On Dec. 19, 2013, Target Corporation disclosed that approximately 40 million credit and debit card account numbers had been hacked from its system between Nov. 27 and Dec. 15, 2013. Target later announced on Jan. 10, 2014, that the breach also involved a second group of up to 70 million people.1 According to Target’s 10-K filed on March 14, 2014, more than 80 actions were filed against the company as a result of this breach, and $61 million in pretax data breach-related expenses were recorded in the fourth quarter of 2013. The company had $100 million of network-security insurance coverage, above a $10 million deductible, which could reduce its financial exposure. But in addition to the costs of remediation, the potential problems and interruptions from this breach could disrupt or reduce operational efficiency and adversely affect customer confidence.

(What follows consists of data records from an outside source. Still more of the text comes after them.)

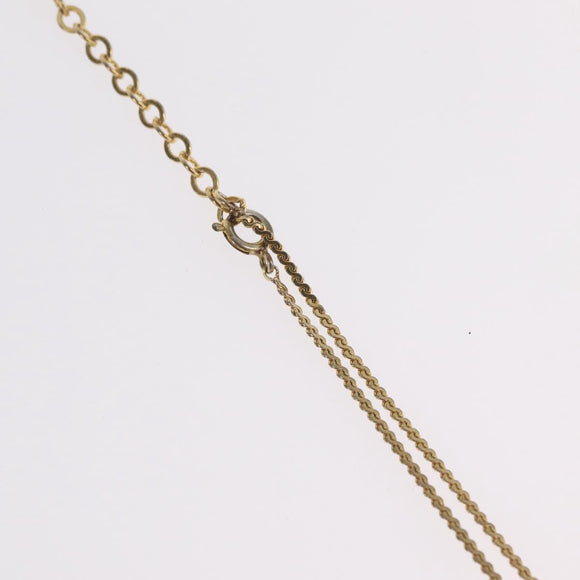 Christian Dior Necklace Metal Gold Tone Auth ka6499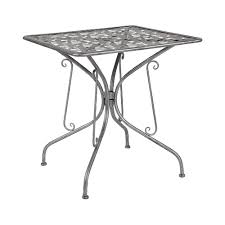 Indoor Outdoor Steel Patio Table Seiko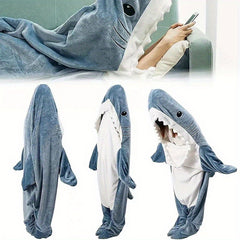 Shark Blanket Soft Flannel Warm Sleeping Bag
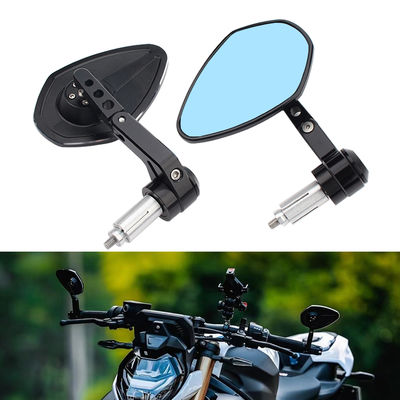 Diamond Shaped Mirror Suitable for 22mm Handle Width Adjustable Motorcycle Rearview Mirror Motorcycle Universal Accessories
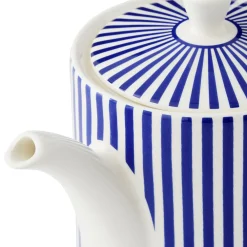 Spode Teapots|Blue Italian Steccato Teapot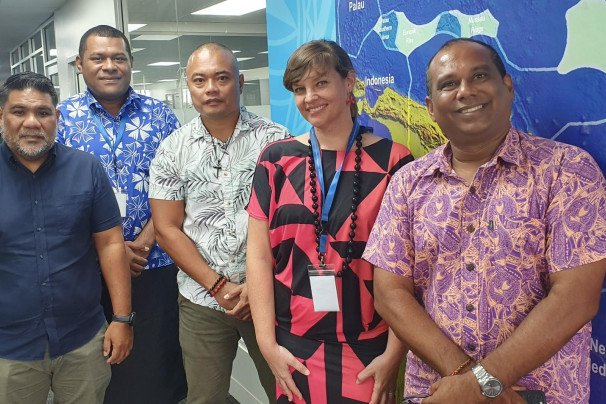 Technical training with Palau supports ocean management through defined maritime zones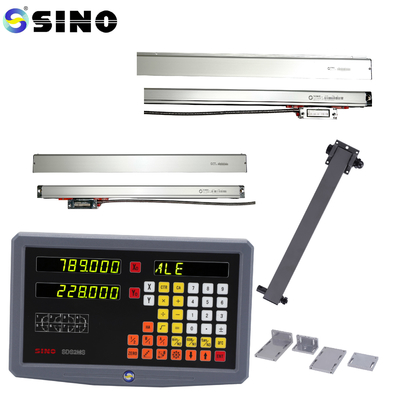 SINO TTL RoHS 2 Axis Digital Readout SDS2MS For Lathe ,  Multifunctional DRO Measuring Systems With Linear Encoder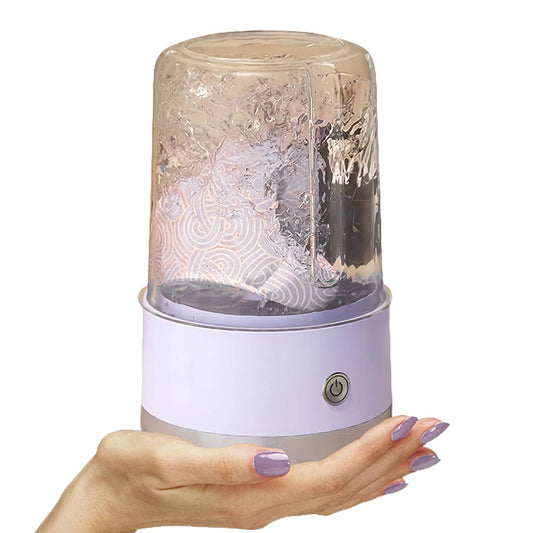 Wireless Mini Washing Machine for Dormitory, Portable Small Washer, No Need to Plug in, No Need to Drain, 1L Capacity Compact Mini Washing Cup,Green BST220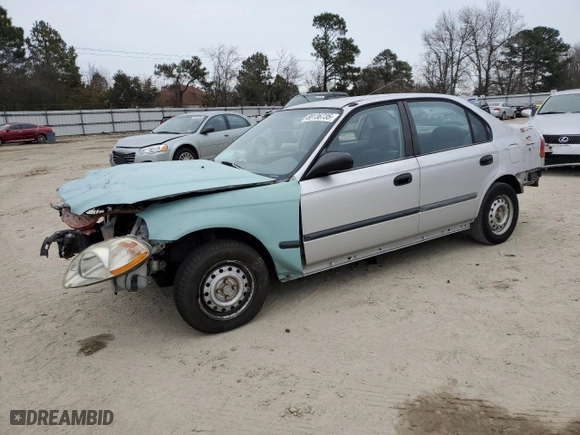 1996 Honda Civic DX with VIN 2HGEJ6624TH510979, listed as a Copart auction lot 88136735 with 208,029 mi miles and Salvage Title. Bid and sale history available at carsss.com. Image 1.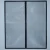 Import new magnetic door curtain fiber glass material fly screen magnetic soft screen door from China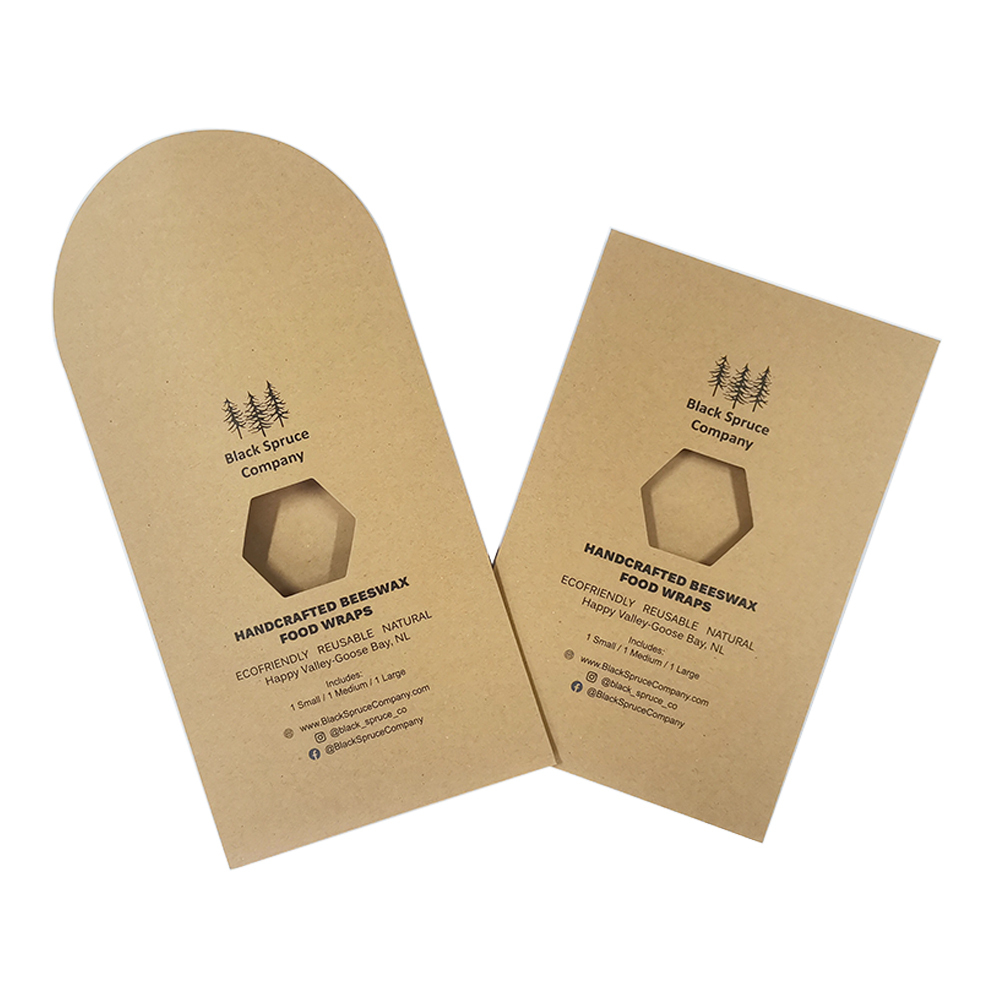 Customized Logo Design Kraft Paper Envelope Vintage Individual Mail Package Gift Window Envelope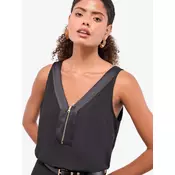 Lipsy Top črna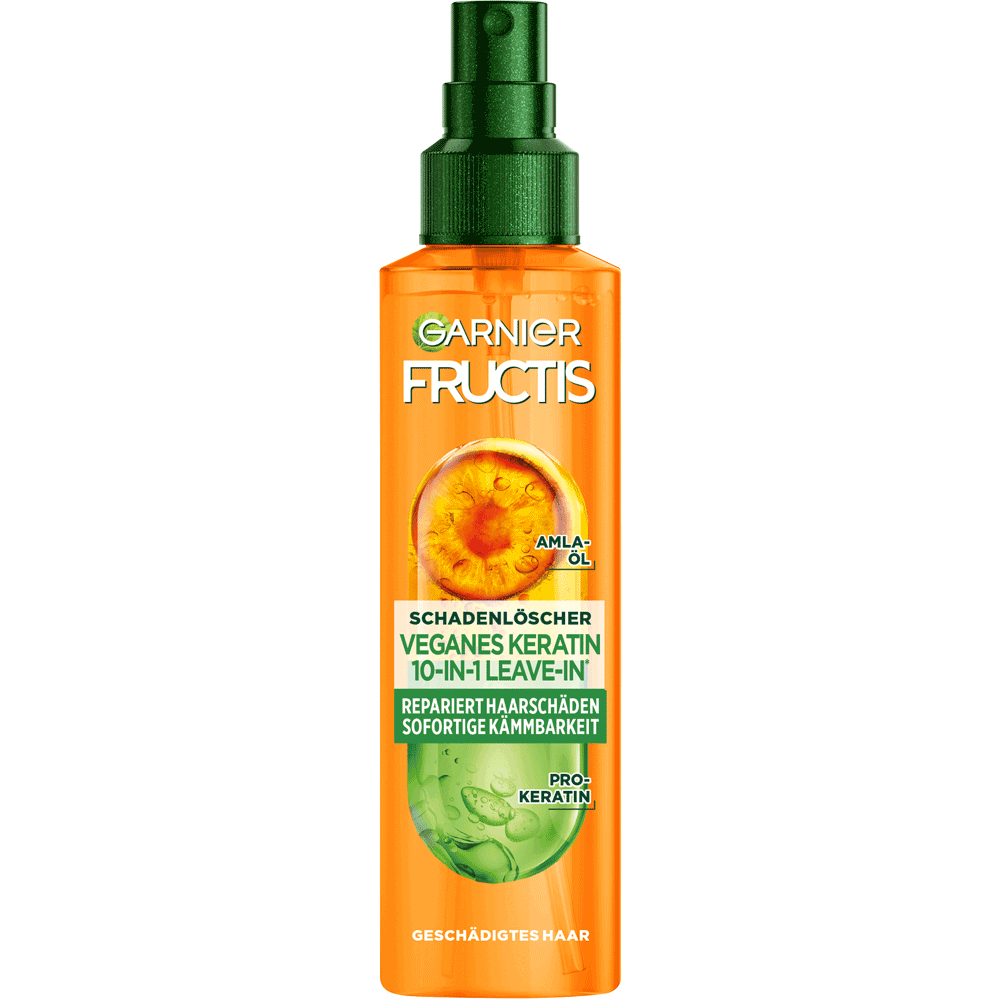 Bild: GARNIER FRUCTIS Schadenlöscher Veganes Keratin 10-in-1-Leave-in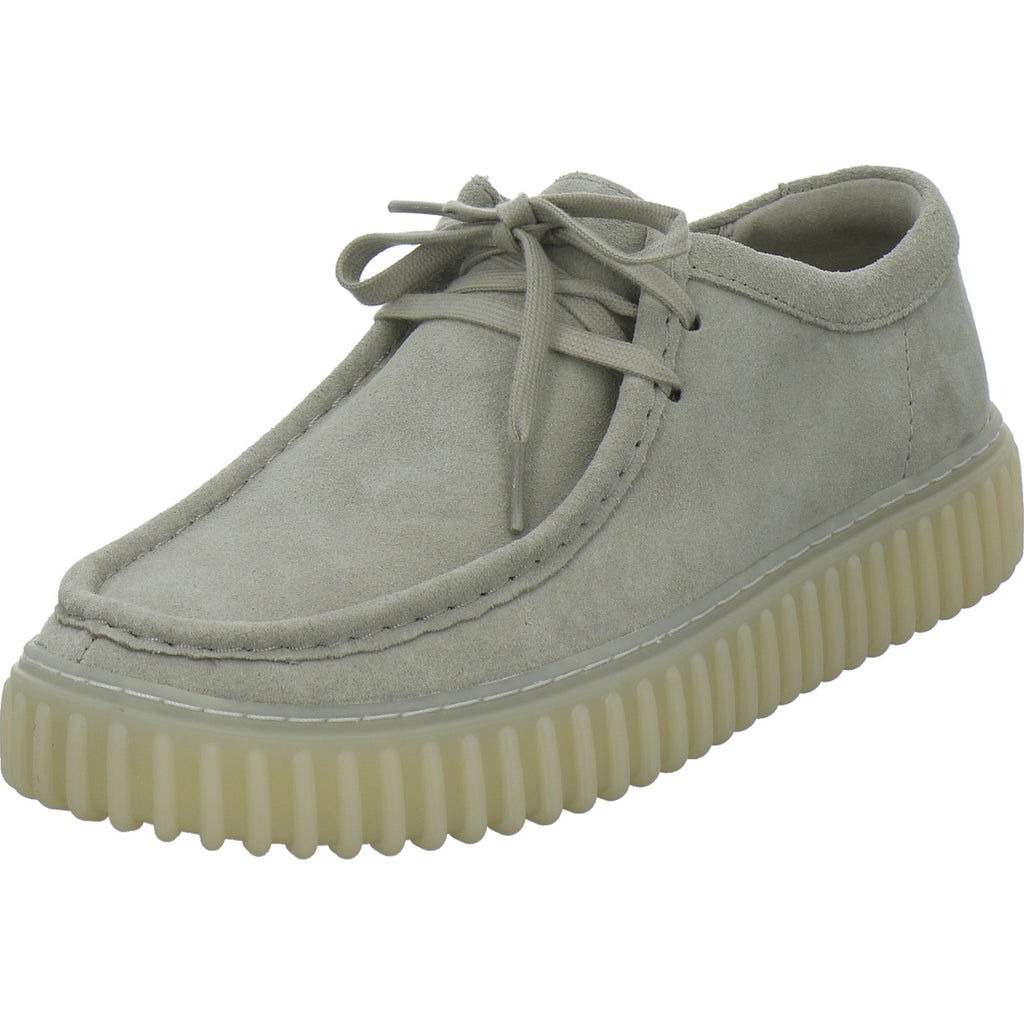 Clarks Sneaker Herren Torhill Hellgrau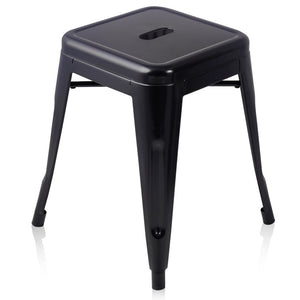 Artiss Set of 4 Metal Backless Bar Stools - Black
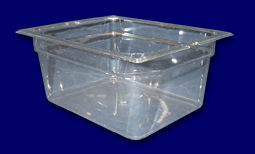 Food Pan, Half Size, Polycarbonate, Clear, 6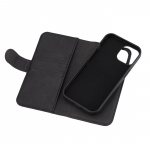 Essentials iPhone 15 PU wallet, recycled materials, detachable, black
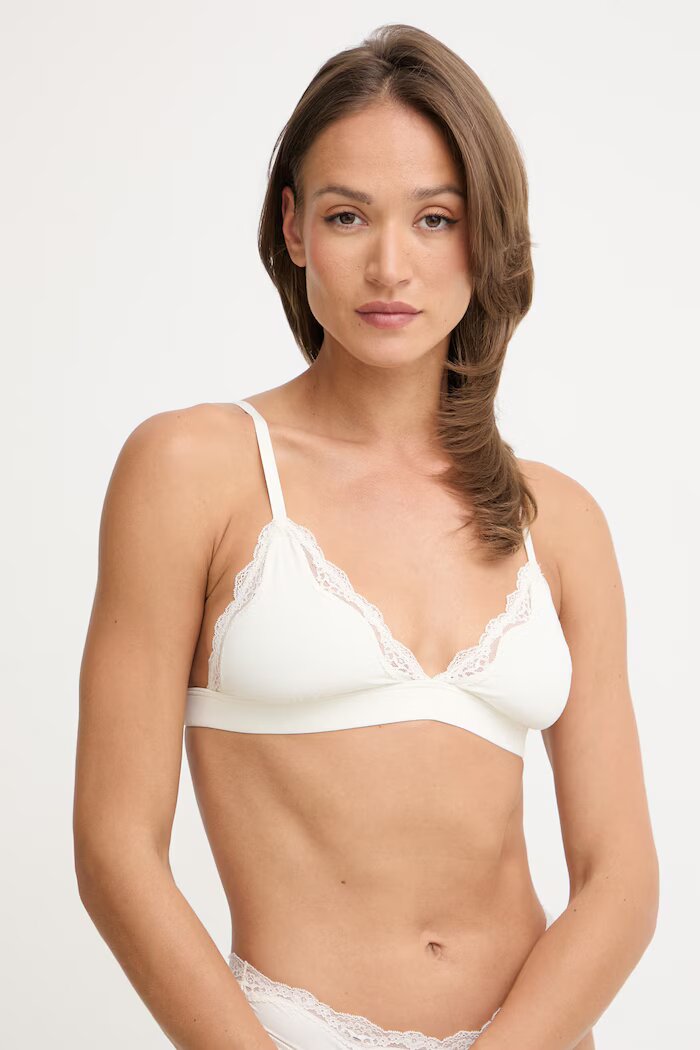 Tommy Hilfiger триъгълен сутиен бежов UW0UW06052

In addition to the publicity over the Target cyber breach and the subsequent lawsuits against the company, the Securities and Exchange Commission (SEC) had already been under some pressure from Congress to act with regard to cybersecurity. In October 2011, the Division of Corporation Finance issued disclosure guidance on cybersecurity for public companies, but last April, Senator Jay Rockefeller requested the SEC to elevate its guidance on cybersecurity disclosures.2 The flash crash of May 6, 2010, and subsequent serious glitches in the trading markets also heightened the sensitivity of the SEC and others to cybersecurity dangers to securities infrastructure institutions. In the aftermath of these disclosures and some other high-profile cybersecurity breaches, the SEC held a Cybersecurity Roundtable on March 26, 2014.